Correctional Services spokesperson Bheki Manzini was quoted by the Pretoria News website as saying that the escape was carried out with military precision.

Mathe apparently broke two steel bars from his bed which he wedged on either side of the opening to help him slide his shoulders through the window.

He apparently broke off another steel pipe from his bed and made a hook. He then tied his clothes and bed linen to it and used that to slide out of the cell and down the firewall.

Halfway down, Mathe used some of the grime he had collected on his way down the wall to smear a message on the prison wall saying: ”Fuck you.”

Boonstra could not confirm reports that Mathe may have colluded with prison officials during his escape.

”I can’t divulge anything at this stage. Police are busy with investigations,” he said.

However, the South African Prisoners Organisation for Human Rights (SAPOHR) said the escape was ”an inside job”.

”Although we don’t have the finer details and facts about how the escape occurred, we can without any fear of contradiction, put our heads on the block and say it was an inside job,” said SAPOHR president Golden Miles Bhudu.

This was not Mathe’s first escape from custody.

Manzini said: ”In April 2005 he escaped while in police custody. At the time he was housed next to the staff office to monitor him closely.”

It initially took a task team nine months to arrest Mathe. Boonstra, who formed part of this team, described the man as ”a scrawny little guy”.

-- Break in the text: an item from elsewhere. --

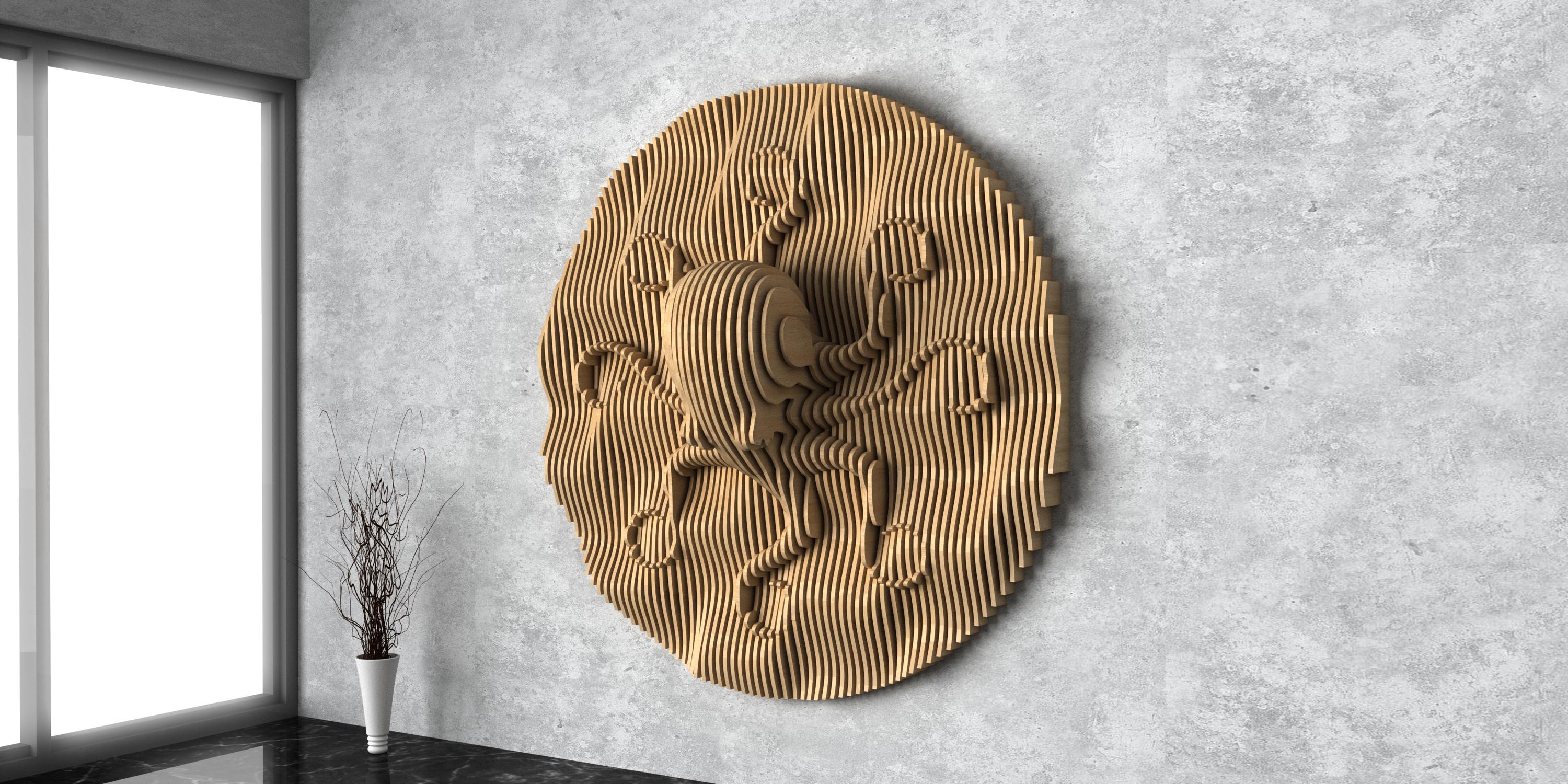 Parametric Wavy Wooden Wall Decor 69 / Octopus Model Design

”It took my colleague and I — we’re both over six feet and weigh more than 140kg — nearly 15 minutes to apprehend and subdue him. He has extensive military training, which we believe enabled him to escape in the manner he did,” said Boonstra.

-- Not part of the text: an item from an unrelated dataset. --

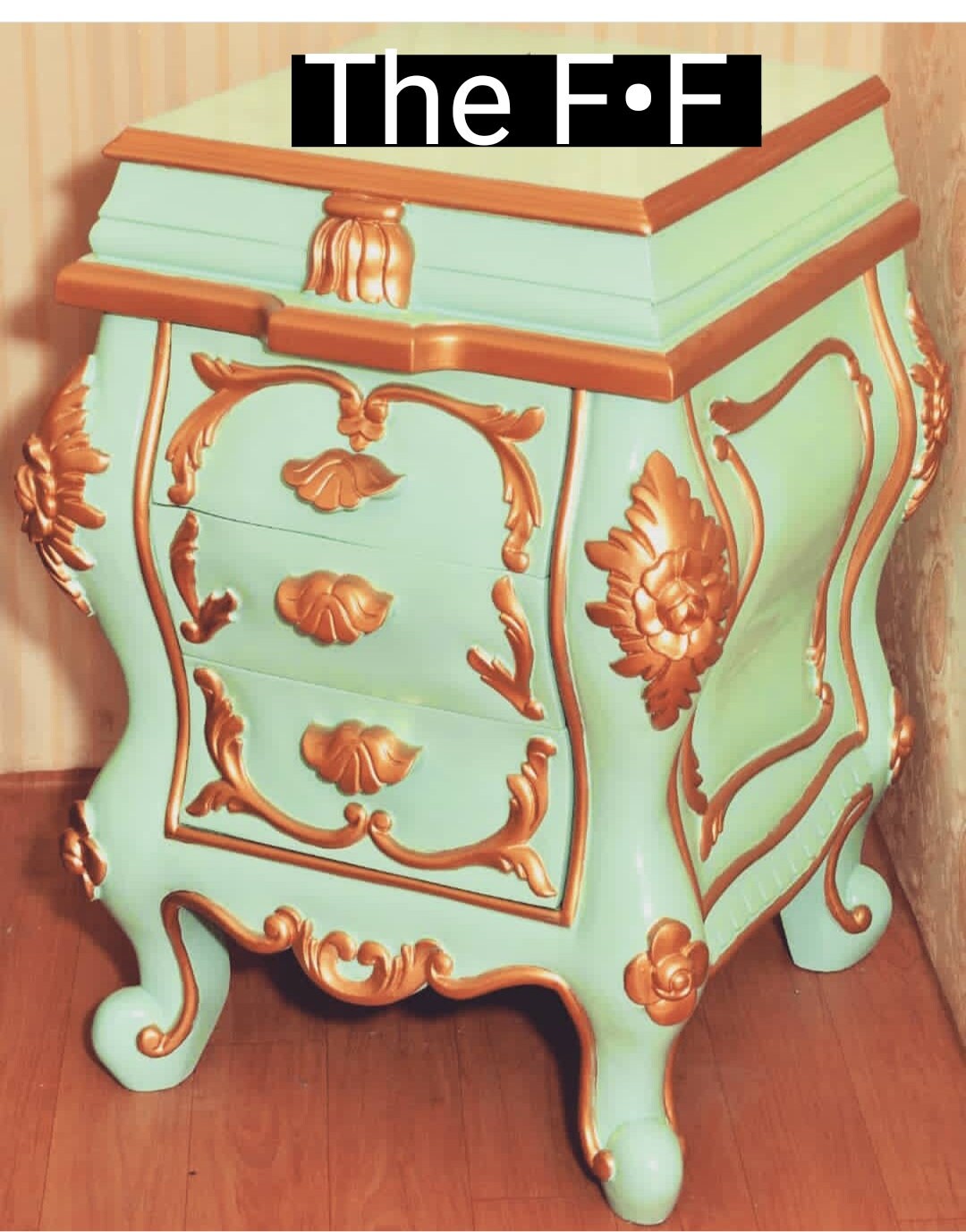 Handcrafted Vintage Dresser With Seat and Mirror/ French Vanity Desk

Mathe faced 51 charges, including murder, attempted murder, rape, hijacking and armed robbery.

Mathe was detained at A6 section, which houses hardened criminals regarded as escape risks.

Boonstra urged anyone with useful information to call Captain Fires Jansen van Vuuren on 082-822-8174 or Inspector Selepe on 082-225-2230.

”Members of the public should contact police and not try to arrest him on their own because he is dangerous,” said Boonstra.

Cutting tool

Meanwhile, 15 awaiting trial prisoners escaped from the Komatipoort Prison on Saturday.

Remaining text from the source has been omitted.